- What is expected
All lines in the records below from the line with "Fermentation means anaerobic" through the line with "Hello and welcome" are to be given again exactly, both ends included; the pictures are to be left out.

- Provided material
== Segment start ==
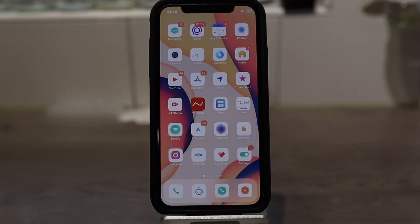Hello, and welcome to a new top tweak video. In this video, I'm gonna show you some of my favorite tweaks.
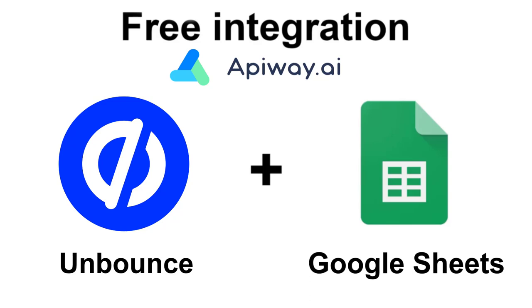Hi everyone! In this video I'll show you how you can easily configure the integration between Unbounce and Google Sheets for free and without coding.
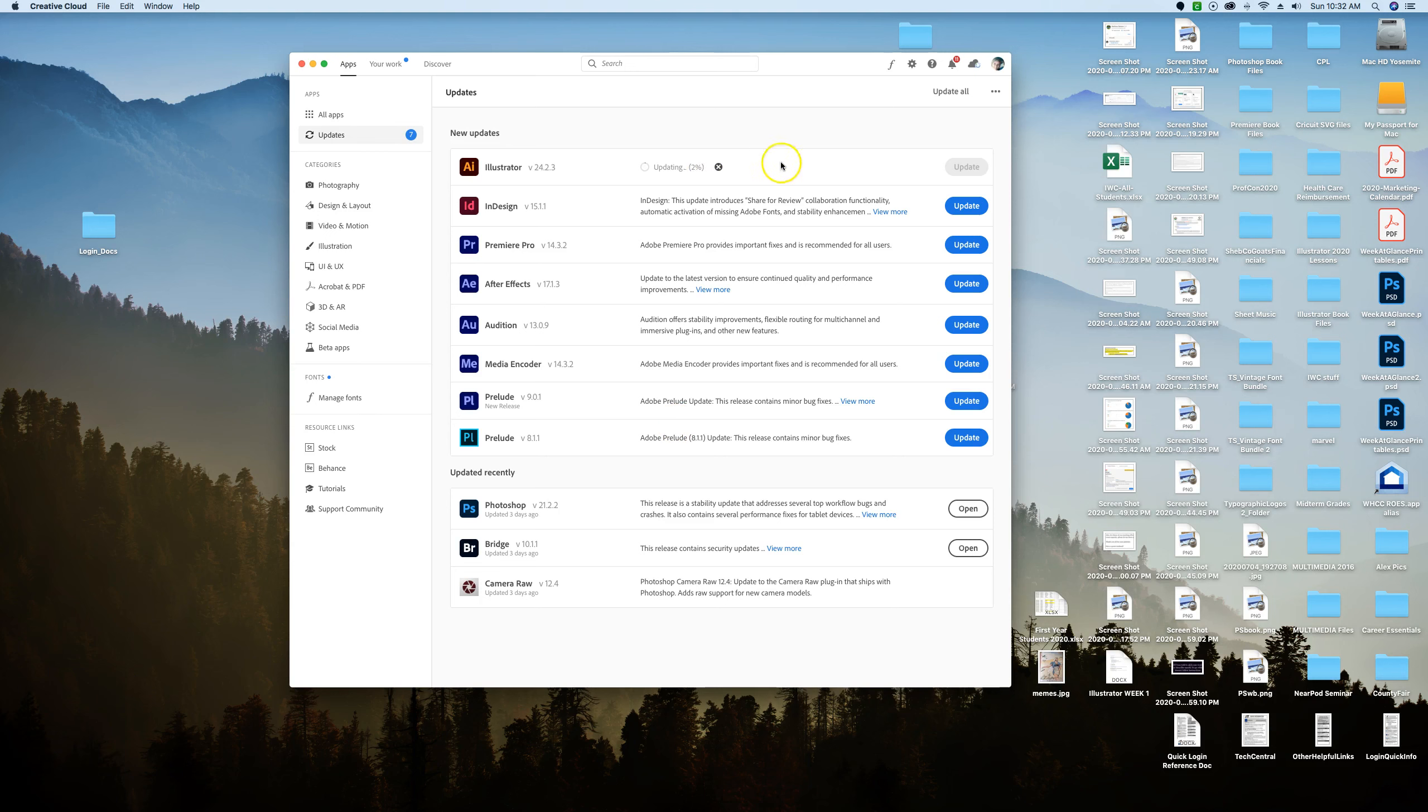So that's one thing I want to make sure you do is have the latest version 24.2.3 up and running before you follow along with these videos.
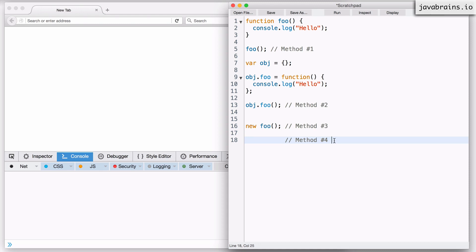In the next tutorial, we're going to look at the concept of the execution context in JavaScript.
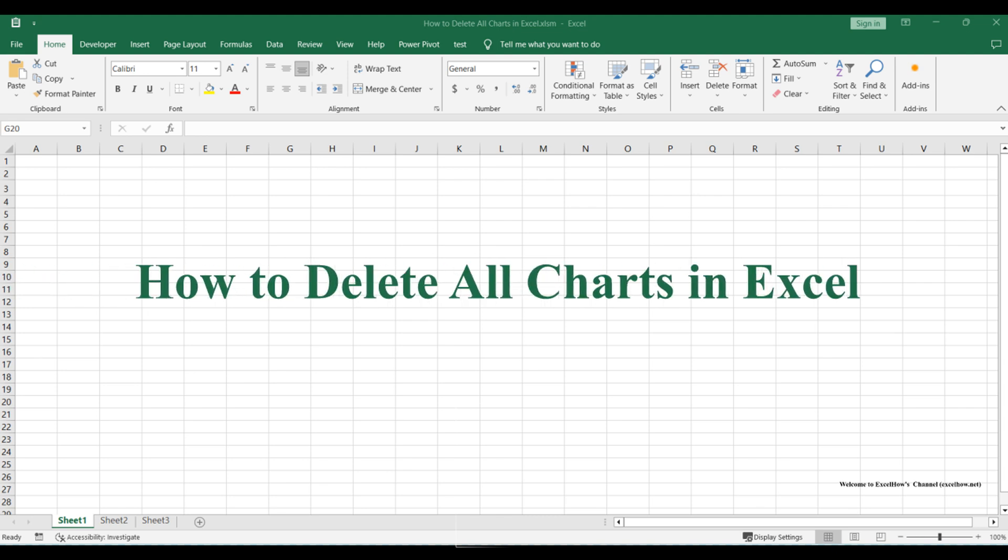Welcome to this Excel tutorial where we'll tackle the task of clearing out charts. In this video, we'll explore two efficient methods to accomplish this.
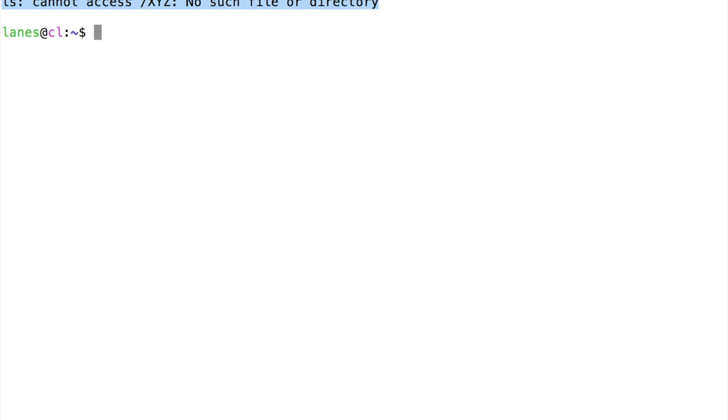Let's examine the file foo.txt with less. The file foo.txt does not contain the error message we just saw.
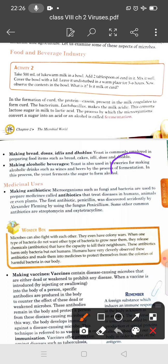Fermentation means anaerobic respiration in the absence of oxygen. When yeast acts on the sugar present in various fruits, rice, wheat, and barley, in the absence of oxygen the glucose is converted into alcohol and carbon dioxide.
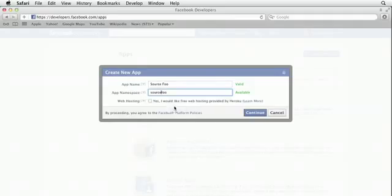If you want to, you can click on I would like free web hosting provided by Heroku. However, it's a little bit complicated to set up, and the way that I have created my app is by hosting it on a separate server, which we'll talk about in another movie.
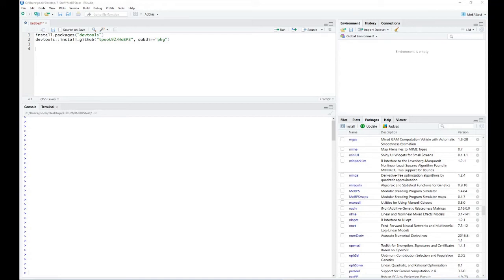Hello and welcome to my video series on the Modular Breeding Program Simulator. In this video I will show off the basic functionality of our R package. I'm assuming that you are already familiar with the basic functionality of R and that you have already successfully installed our R package.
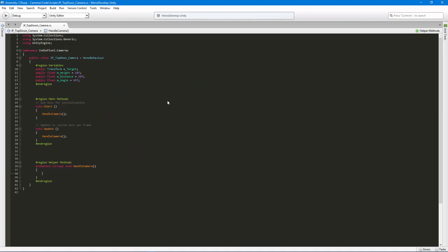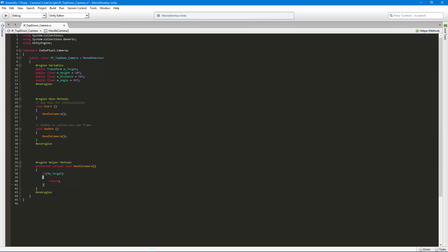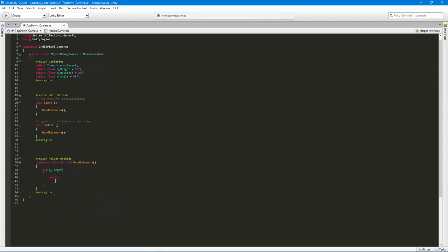The first thing we want to do is make sure we have a target, otherwise we'll get null reference errors. We can say 'if not target, then return.' When the update or start function tries to fire this method and we don't have a target, it'll just exit out. The other approach is 'if we do have a target' and put all your code inside. Both ways work — the first is a bit cleaner.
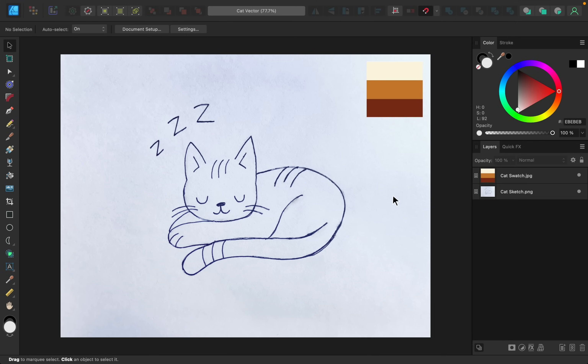The very first step is to see if you can trace over any part of your design using the shape tools. Now, this sketch has some pretty irregular shapes going on, so the only part that I think we could use a shape tool for would be the nose right here.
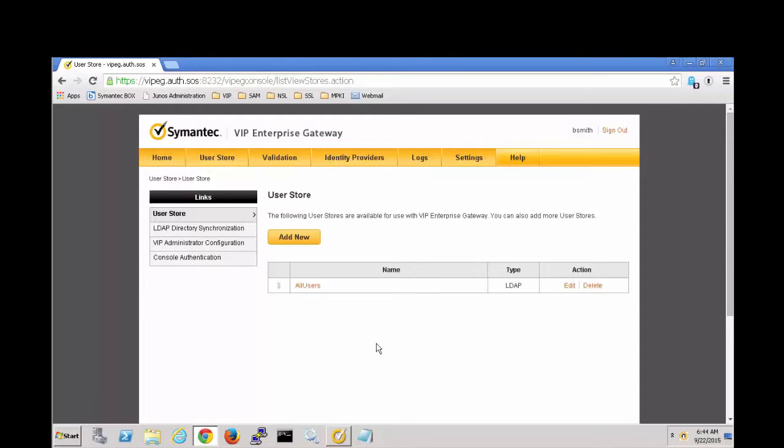On screen is VIP Enterprise Gateway already logged in and already selected to the User Store tab. There's been one previously configured user store called All Users and we're going to add a connection to that.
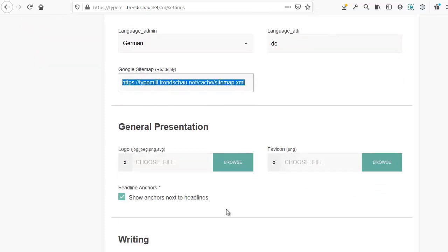The next section is called general presentation. Here, you can upload a logo or a favicon. We'll skip that for now. You can also activate headline anchors. However, this will only work if your theme supports this function.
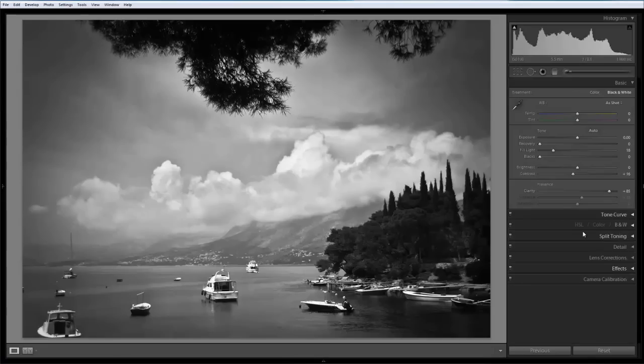So we've taken a pretty bland color photograph, enhanced the color information, converted it to black and white, and then given the sky some real punch. I hope this has been a useful video, and I'd love to see or hear any feedback from you on the WC2K forums or on our Facebook page.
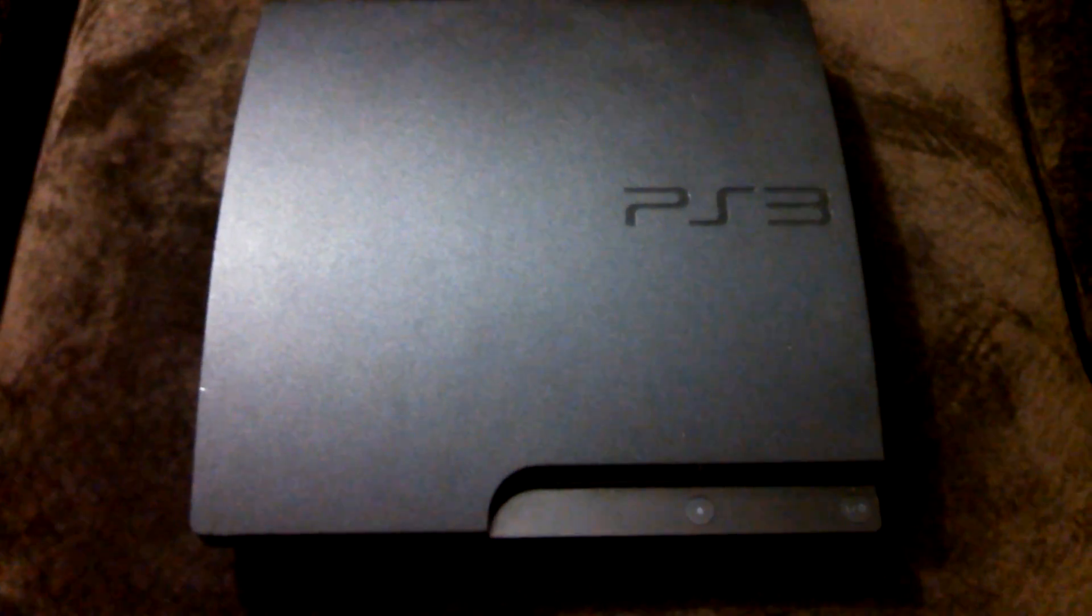Welcome PS3ers. This is a video tutorial of how to get multiple discs out of the PS3.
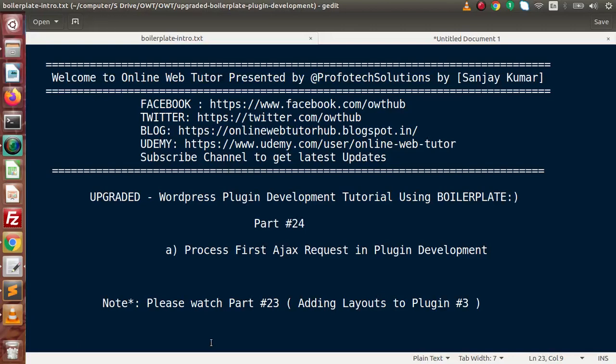Hello guys, welcome to Online Web Tutor, represented by the Prophetic Sessions team. I am Sanjay. We are learning WordPress plugin development tutorial using boilerplate. This is part number 24. Inside this video session, we will see how we can process our first Ajax request in plugin development.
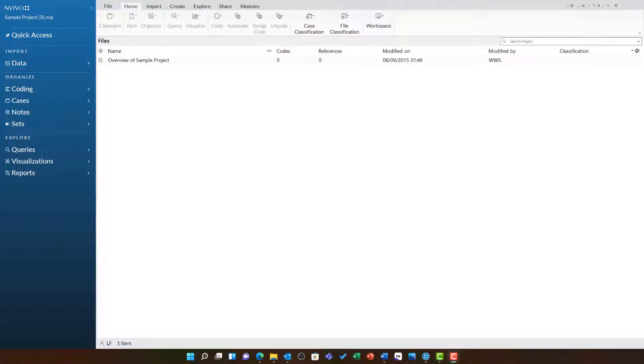This video will show you how to get started with memos in NVivo. Memos are the perfect place for you to take any notes, record your thoughts and feelings, and manage project progress. They are also an essential way you can communicate with other researchers if you are working on a collaborative project.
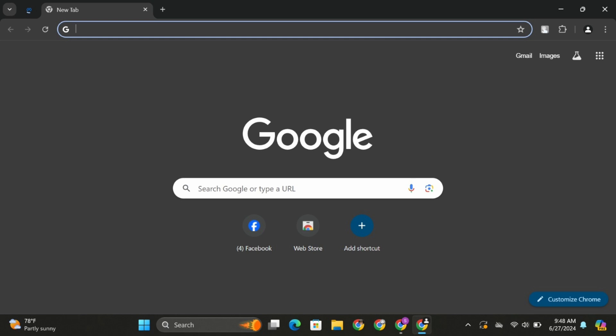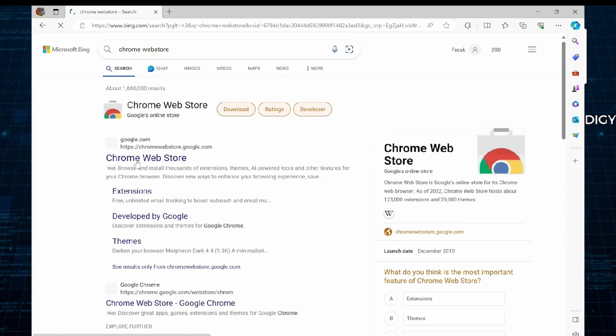Start by opening up any of your web application from your PC. And at the top search bar, type in Chrome Web Store. As you do so, click onto the official result that says Chrome Web Store.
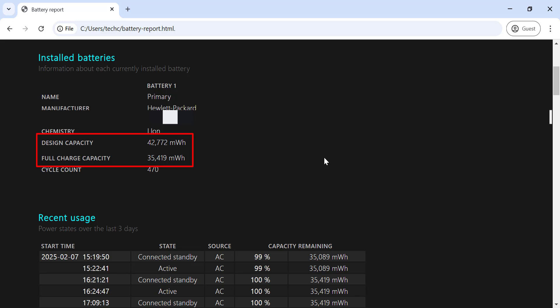And that's it! Now you know how to check your laptop's design capacity and full charge capacity, as well as how to interpret the results. If you found this video helpful, don't forget to give it a thumbs up.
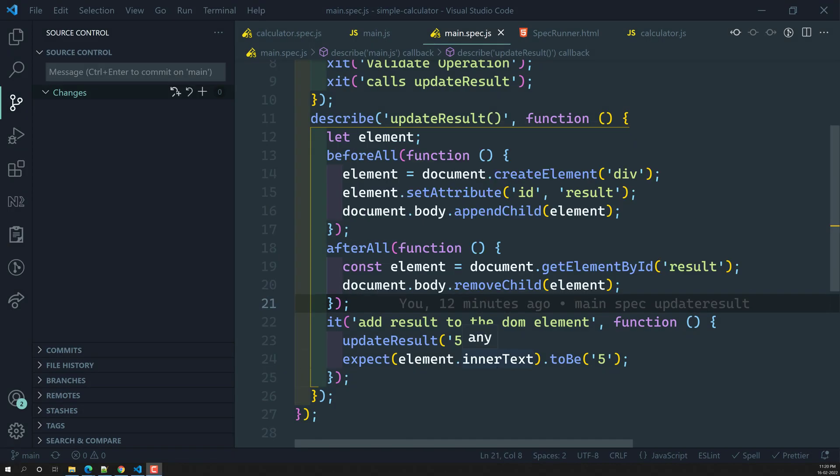Hi friends, this is Leela, welcome to my channel Leela WebDev. In this video I want to tell you about the `this` keyword and how Jasmine behaves with the `this` keyword.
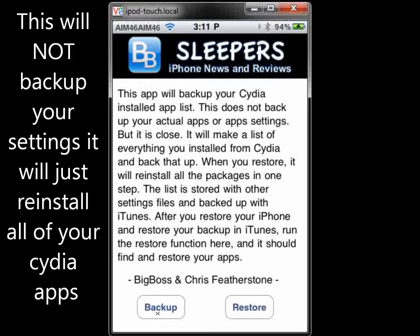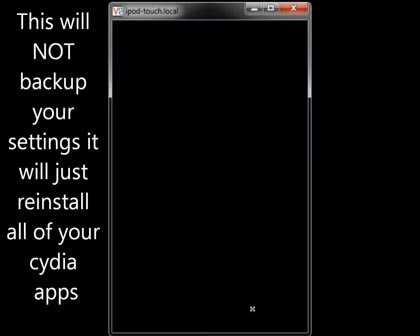Once again, it's APT Backup — just reinstall that on Cydia, bring it back up, and then click Restore. This will restore all of your apps into the Cydia list.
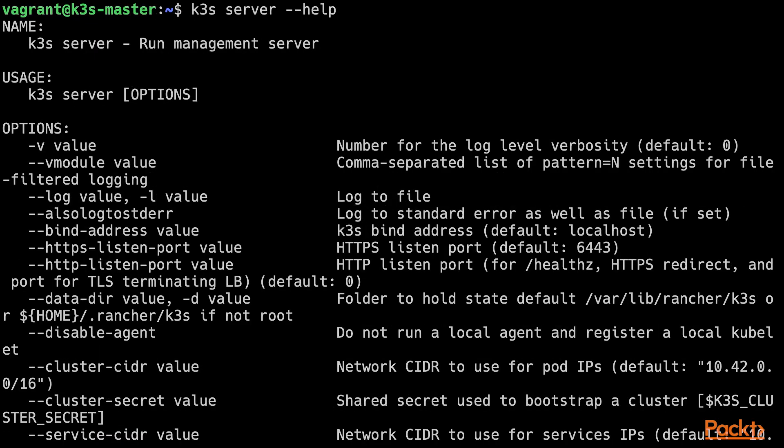The vast majority of the parameters available to the K3S server subcommand relate to the cluster itself. If you are familiar with the other Kubernetes tool, kubeadm, you will recognize many of them. For example, it is possible to specify a custom CIDR range and domain for the cluster, or it is possible to specify a custom CIDR range for services.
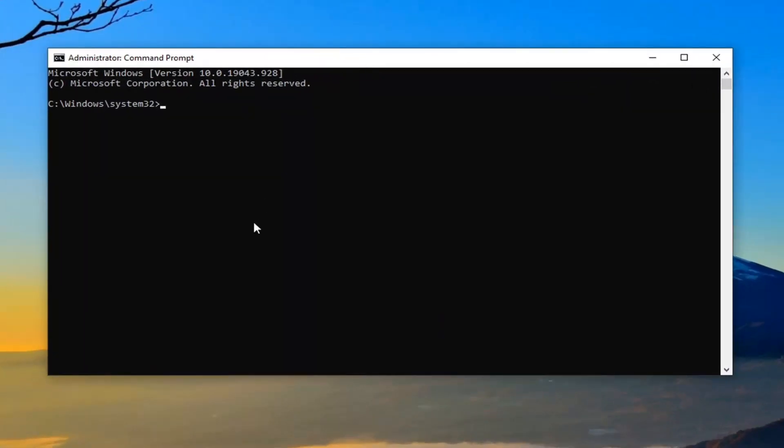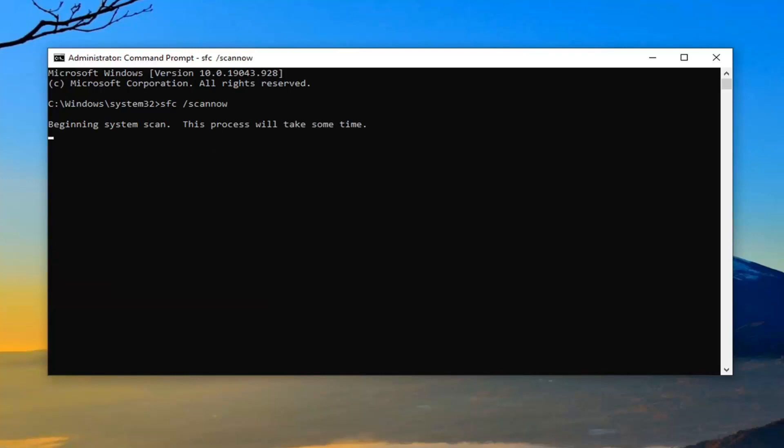Now into this elevated command line window, you want to type in SFC followed by space forward slash scan now. Scan now is all one word attached to that forward slash out front. Hit enter on your keyboard. Please give this some time to run.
== Segment end ==
- Answer for this exercise
Fermentation means anaerobic respiration in the absence of oxygen. When yeast acts on the sugar present in various fruits, rice, wheat, and barley, in the absence of oxygen the glucose is converted into alcohol and carbon dioxide.
If you want to, you can click on I would like free web hosting provided by Heroku. However, it's a little bit complicated to set up, and the way that I have created my app is by hosting it on a separate server, which we'll talk about in another movie.
Hello and welcome to my video series on the Modular Breeding Program Simulator. In this video I will show off the basic functionality of our R package. I'm assuming that you are already familiar with the basic functionality of R and that you have already successfully installed our R package.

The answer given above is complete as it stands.